Die Quellen über das Schachleben des Max Dietze sind nicht eben üppig. Er wurde am 25. März 1904 in Tischau (heute: Mristov) geboren. Sein Vater war Lehrer. Dietze lernte Buchhalter im Sparkassenverband und ging nach Prag, wo sein Bruder studierte. 1928 wird sein Name erstmals in einer tschechischen Schachzeitschrift erwähnt. Im deutschen Haus in Prag spielte der Prager Schachklub gegen die Schachgesellschaft Reichenberg und gewann den Wettkampf mit 6:2. Die Sieger für Prag waren Klieber, Abeles, Dietze und Kluge. Dietze war offenbar Mitglied in mehreren Schachklubs, im Duras-Schachklub von Prag und bei Delnicky SK Praha. 1929 nahm Dietze an einem Turnier in Brünn teil und gewann eine der Hauptturniergruppen. Im Finale belegte er den 8. Platz. 1931 spielte er außerdem an einem Turnier des Tschechoslowakischen Verbandes in Prag mit. Zudem war er regelmäßiger Teilnehmer der Stadtmeisterschaften von Prag und platzierte sich zumeist in der Mitte der Tabelle.

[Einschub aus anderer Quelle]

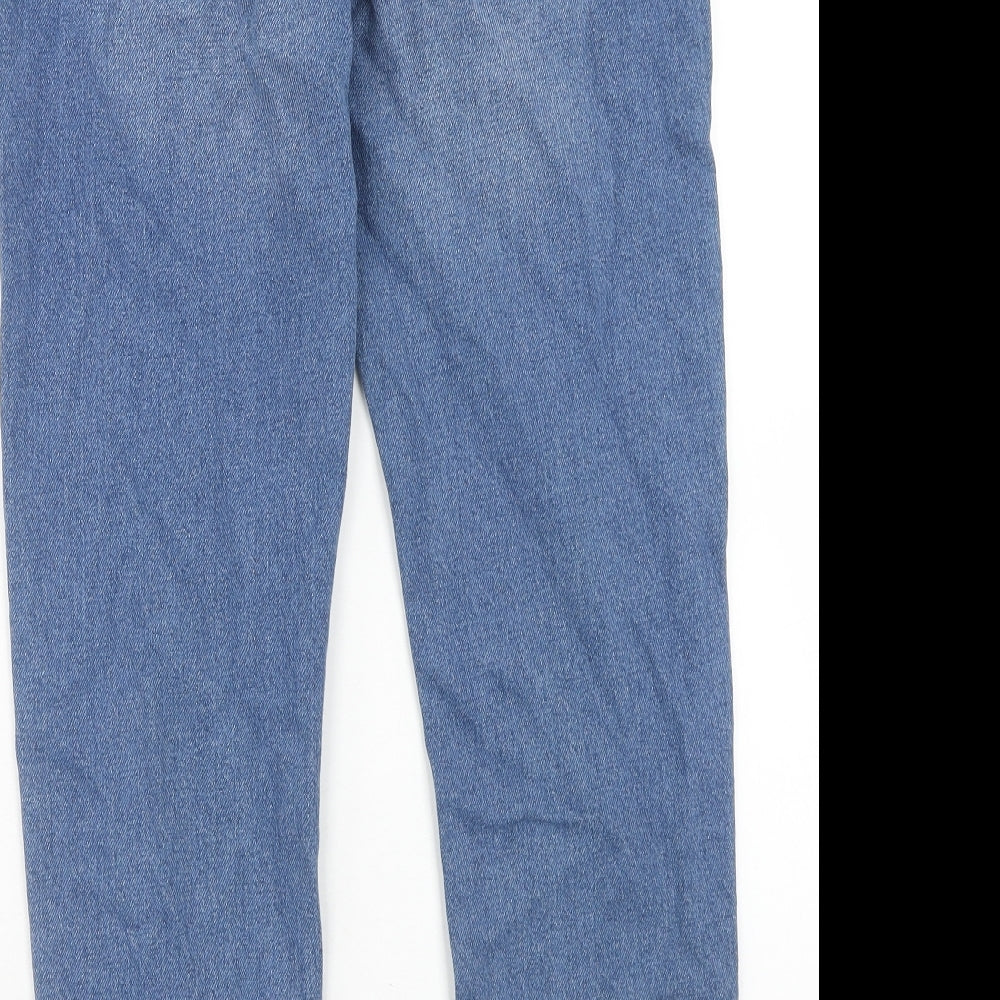 Marks and Spencer Girls Blue Cotton Straight Jeans Size 12-13 Years Regular Zip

In seinem Buch "Zug um Zug" berichtet Ludek Pachman von seiner ersten Begegnung mit Max Dietze während des Internationalen Schachturniers 1943 in Prag. Pachman hielt Dietze, der akzentfrei Tschechisch sprach, für einen Tschechen und sprach ihn auf eine Reihe von Niederlagen der Deutschen Reichswehr im Jahr 1943 an. Jan Foltys, der das Turnier später zusammen mit Jaroslav Sajtar als geteilter Vierter abschloss, trat Pachman dabei unauffällig in die Kniekehlen und gab versteckte Zeichen. Später erzählte er Pachman, dass Dietze Angestellter der Gestapo sei: "Mensch, bist du verrückt, mit ihm über den Krieg zu reden?" Pachman wartete die nächsten Tage ängstlich in seinem Hotelzimmer, dass die Gestapo auftauchen und ihn abholen würde. Doch es kam niemand. Und Dietze grüßte auch weiterhin freundlich.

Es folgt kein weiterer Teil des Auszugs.